Der Anzug.

[15] »Das Kleid macht den Mann«, – ist ein altes Sprüchwort, dessen Wahrheit jedoch nicht immer anzuerkennen ist. Der modernste, eleganteste Anzug, zur Unzeit getragen, läßt gewiß nicht auf eine feine Erziehung schließen. Außerdem sprechen die Art und Weise, wie man etwas trägt, die Harmonie des ganzen Anzuges, wesentlich mit, wenn man den Menschen nach seiner Kleidung taxiren will.

Ich setze den Fall, eine Dame trüge im Winter ein helles Seidenkleid im Schmutz der Straßen, oder ein Herr ginge, mit Frack und weißer Halsbinde spazieren, so würde dieses niemals als guter Ton gelten.

Es giebt noch ein anderes Sprüchwort, was, in Bezug auf. Kleidung, viel zu wenig beachtet wird: Eines schickt sich nicht für Alle.

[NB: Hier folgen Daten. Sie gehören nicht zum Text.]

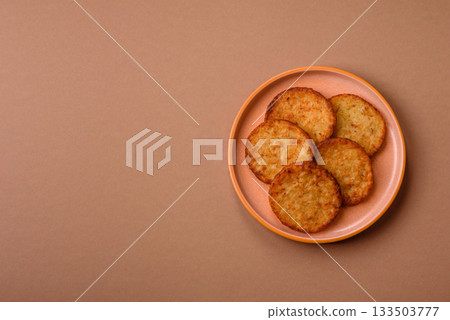 Potato hash browns, a cooked vegetable breakfast food. Potato hash brown 133503777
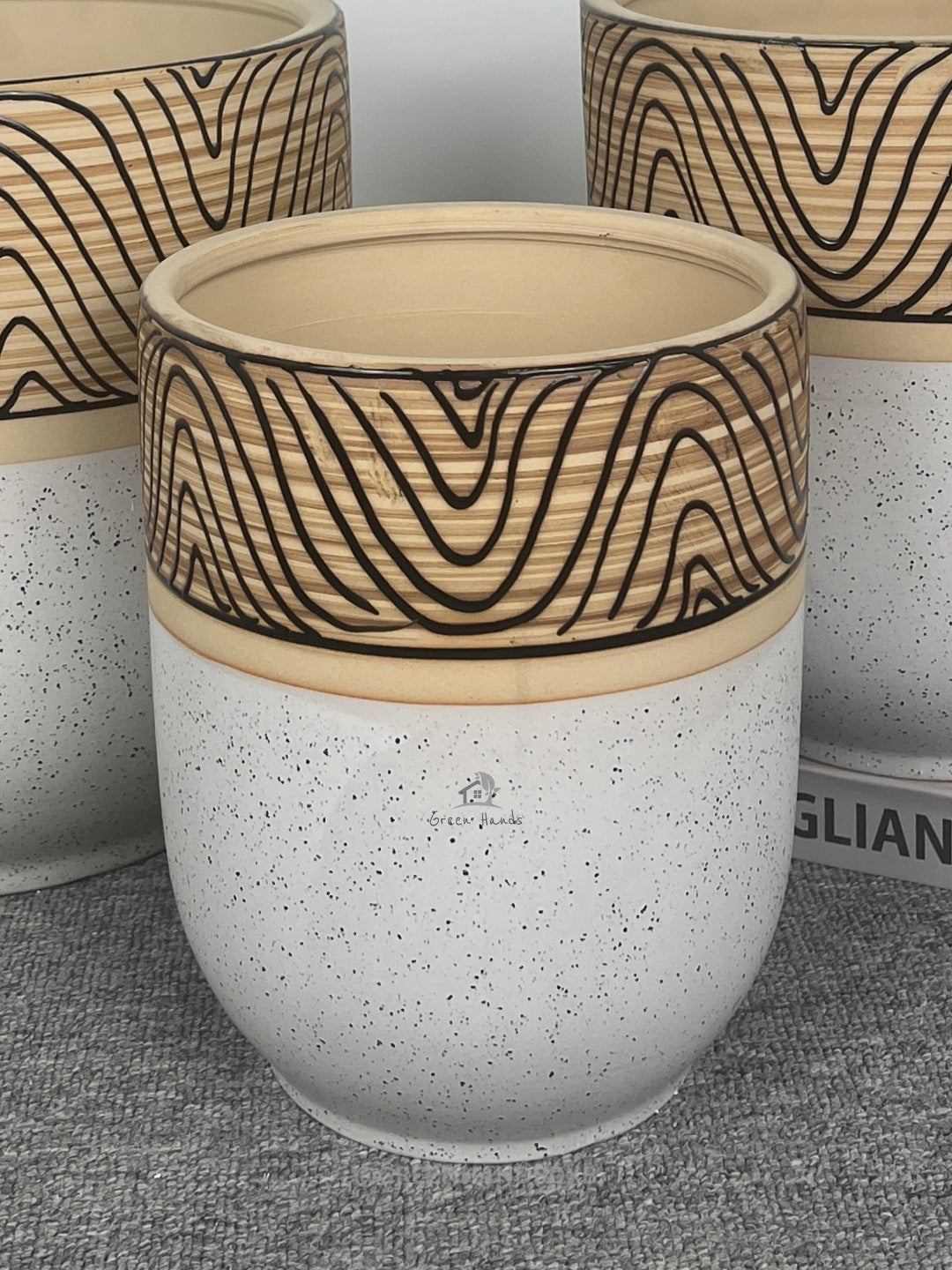 Nature Lover's White Ceramic Pots with Wooden Carving Finish in Dubai & Abu Dhabi: Minimalistic Artistry with Drain Holes and Base Plates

Ja, wollte dieses nur die alte Dame bedenken, die mit ihrer korpulenten Gestalt, einen kurzen Rock mit aufbauschender Tournüre, eine eng anschließende Taille[15] trägt, in der sie kaum zu athmen vermag. Oder jener Herr, der so klein ist und sich durch einen carrirten Anzug förmlich zur Karrikatur macht. Weiß jenes junge Mädchen nicht, daß helles Haar eine kräftigere Farbe des Hutes verlangt? Beachtet Jene mit dem gelben Teint gar nicht, daß ihr Rosa nicht zu Gesicht steht? Möchte jenes Mädchen, das am Waschzuber im Kleide mit Plisseefalten und langer Schleppe hantirt, nicht lieber ein rechtliches Leinen- oder Baumwollkleid tragen?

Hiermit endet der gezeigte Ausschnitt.